EXERCISE GOAL:
Copy exactly the stretch of data below from the line with "dogs fighting over toys" through the line with "Penny - Female - Spayed", including both of those lines.

Entries taken from a collection:
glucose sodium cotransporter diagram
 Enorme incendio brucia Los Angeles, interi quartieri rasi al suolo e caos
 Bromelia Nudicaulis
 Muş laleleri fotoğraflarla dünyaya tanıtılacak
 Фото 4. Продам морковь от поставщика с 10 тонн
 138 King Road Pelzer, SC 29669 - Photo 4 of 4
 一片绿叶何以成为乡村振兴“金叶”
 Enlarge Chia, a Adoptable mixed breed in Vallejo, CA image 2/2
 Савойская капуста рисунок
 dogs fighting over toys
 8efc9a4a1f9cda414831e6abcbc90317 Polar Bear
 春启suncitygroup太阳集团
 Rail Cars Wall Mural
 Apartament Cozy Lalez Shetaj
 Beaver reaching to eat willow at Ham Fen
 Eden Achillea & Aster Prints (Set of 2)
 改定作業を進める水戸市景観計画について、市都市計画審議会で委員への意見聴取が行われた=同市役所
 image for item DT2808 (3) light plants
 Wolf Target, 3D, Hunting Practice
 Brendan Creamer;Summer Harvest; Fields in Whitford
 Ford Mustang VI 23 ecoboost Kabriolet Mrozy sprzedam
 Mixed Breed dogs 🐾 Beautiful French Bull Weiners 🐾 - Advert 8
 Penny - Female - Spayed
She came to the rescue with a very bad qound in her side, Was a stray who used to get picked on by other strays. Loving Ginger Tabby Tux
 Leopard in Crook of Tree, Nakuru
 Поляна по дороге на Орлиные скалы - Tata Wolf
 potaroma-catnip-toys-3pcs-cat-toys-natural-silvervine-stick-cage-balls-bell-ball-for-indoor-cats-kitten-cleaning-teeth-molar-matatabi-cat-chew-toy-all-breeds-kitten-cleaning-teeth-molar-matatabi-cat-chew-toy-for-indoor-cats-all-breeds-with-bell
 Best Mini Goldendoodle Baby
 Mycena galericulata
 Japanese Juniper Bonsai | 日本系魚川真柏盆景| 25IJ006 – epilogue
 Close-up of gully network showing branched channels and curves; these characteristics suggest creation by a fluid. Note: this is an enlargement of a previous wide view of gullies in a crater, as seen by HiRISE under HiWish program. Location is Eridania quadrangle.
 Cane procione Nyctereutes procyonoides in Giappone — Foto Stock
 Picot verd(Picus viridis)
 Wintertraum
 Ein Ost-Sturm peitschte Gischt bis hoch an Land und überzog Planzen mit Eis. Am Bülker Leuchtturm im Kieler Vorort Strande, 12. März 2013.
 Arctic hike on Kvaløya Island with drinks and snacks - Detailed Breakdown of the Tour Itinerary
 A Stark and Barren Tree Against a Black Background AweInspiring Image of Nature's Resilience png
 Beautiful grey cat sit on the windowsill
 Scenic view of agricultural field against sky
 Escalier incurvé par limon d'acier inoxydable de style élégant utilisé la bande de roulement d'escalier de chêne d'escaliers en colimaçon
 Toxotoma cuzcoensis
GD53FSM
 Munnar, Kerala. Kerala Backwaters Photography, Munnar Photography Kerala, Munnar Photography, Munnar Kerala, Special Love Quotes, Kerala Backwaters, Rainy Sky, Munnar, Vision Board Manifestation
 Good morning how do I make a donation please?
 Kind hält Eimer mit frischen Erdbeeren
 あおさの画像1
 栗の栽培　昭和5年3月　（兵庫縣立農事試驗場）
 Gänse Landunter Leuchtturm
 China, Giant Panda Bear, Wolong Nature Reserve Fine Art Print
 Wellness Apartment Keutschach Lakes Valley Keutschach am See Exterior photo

ANSWER FOR THE TASK:
 dogs fighting over toys
 8efc9a4a1f9cda414831e6abcbc90317 Polar Bear
 春启suncitygroup太阳集团
 Rail Cars Wall Mural
 Apartament Cozy Lalez Shetaj
 Beaver reaching to eat willow at Ham Fen
 Eden Achillea & Aster Prints (Set of 2)
 改定作業を進める水戸市景観計画について、市都市計画審議会で委員への意見聴取が行われた=同市役所
 image for item DT2808 (3) light plants
 Wolf Target, 3D, Hunting Practice
 Brendan Creamer;Summer Harvest; Fields in Whitford
 Ford Mustang VI 23 ecoboost Kabriolet Mrozy sprzedam
 Mixed Breed dogs 🐾 Beautiful French Bull Weiners 🐾 - Advert 8
 Penny - Female - Spayed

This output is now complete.